- WORK ITEM:
Please transcribe the listing below in full and word for word, without its pictures.

- DATA BELOW:

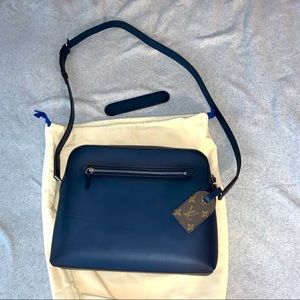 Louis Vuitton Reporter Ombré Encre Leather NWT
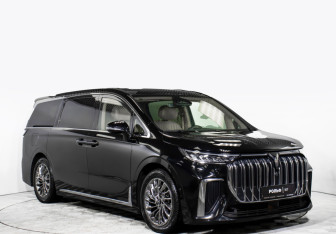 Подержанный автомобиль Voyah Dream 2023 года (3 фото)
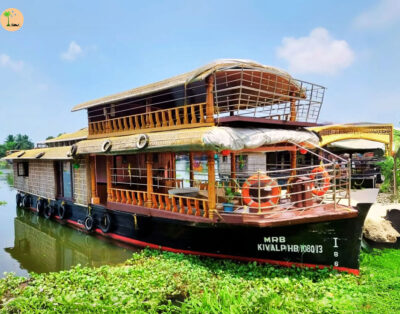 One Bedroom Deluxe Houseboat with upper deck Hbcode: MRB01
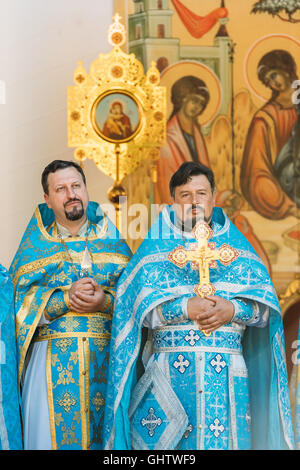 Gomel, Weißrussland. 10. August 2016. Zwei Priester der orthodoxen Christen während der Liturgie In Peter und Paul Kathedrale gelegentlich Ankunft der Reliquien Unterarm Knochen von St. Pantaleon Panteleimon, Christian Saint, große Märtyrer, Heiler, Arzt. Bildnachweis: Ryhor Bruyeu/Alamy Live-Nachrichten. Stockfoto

- TASK ANSWER:
 Louis Vuitton Reporter Ombré Encre Leather NWT
 Подержанный автомобиль Voyah Dream 2023 года (3 фото)
 One Bedroom Deluxe Houseboat with upper deck Hbcode: MRB01
 Gomel, Weißrussland. 10. August 2016. Zwei Priester der orthodoxen Christen während der Liturgie In Peter und Paul Kathedrale gelegentlich Ankunft der Reliquien Unterarm Knochen von St. Pantaleon Panteleimon, Christian Saint, große Märtyrer, Heiler, Arzt. Bildnachweis: Ryhor Bruyeu/Alamy Live-Nachrichten. Stockfoto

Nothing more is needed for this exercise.